Twin Pines Observatory


  Because of space constrictions, I decided on an alternative to the standard roll-off roof type of observatory. After researching different alternatives, I decided to convert a garden shed to an observatory. Although there are many different brands of sheds available, I decided on the Keter brand shed as it lended itself to be the most adaptable for my purposes.

Belmont, California

Constructing the shed was a cinch, but I needed to devise a method to easily remove the roof.

The roof of the shed consists of four panels that interlock with a tongue and groove system. Here the outer panels have been folded on top of the inner panels.

To make the panels more manageable, we installed straps to the outside of them. This allows the panels to fold up against each other.

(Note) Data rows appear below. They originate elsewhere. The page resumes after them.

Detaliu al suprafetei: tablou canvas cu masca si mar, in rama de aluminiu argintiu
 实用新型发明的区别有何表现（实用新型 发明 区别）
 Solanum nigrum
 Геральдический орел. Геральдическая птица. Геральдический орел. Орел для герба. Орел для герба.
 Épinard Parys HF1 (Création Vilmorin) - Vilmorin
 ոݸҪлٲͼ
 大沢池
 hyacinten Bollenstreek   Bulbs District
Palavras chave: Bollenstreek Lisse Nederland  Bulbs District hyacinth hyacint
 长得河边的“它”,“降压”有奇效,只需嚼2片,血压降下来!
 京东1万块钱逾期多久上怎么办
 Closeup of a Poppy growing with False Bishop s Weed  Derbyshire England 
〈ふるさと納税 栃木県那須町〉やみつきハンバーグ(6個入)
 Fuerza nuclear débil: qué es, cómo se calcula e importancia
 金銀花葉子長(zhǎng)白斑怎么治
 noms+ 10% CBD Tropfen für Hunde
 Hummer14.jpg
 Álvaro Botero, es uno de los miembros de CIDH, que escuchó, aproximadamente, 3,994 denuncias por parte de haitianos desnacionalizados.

As designed, the roof panels are held to the top of the shed with clips, making removal a no tools operation.

Next, we modified the apex portion of the roof to make it easy to remove and added a couple of handles to make it easier to manage.

A little work with a hacksaw made the apex portion removable yet still quite sturdy.

With the panels and apex removed, the view of the sky is limited somewhat by the walls of the shed. In my case, it doesn't matter as my location is surrounded by trees anyway. It only takes a minute to remove both roof panel assemblies and the apex support.

The shed observatory worked out better than expected. To construct a sturdy method of mounting the scope, we built a concrete pier. Click here to see the details of the pier construction.

To facilitate operation on colder nights, the scope and camera can be controlled remotely via wireless LAN using Microsoft Remote Desktop from inside the house.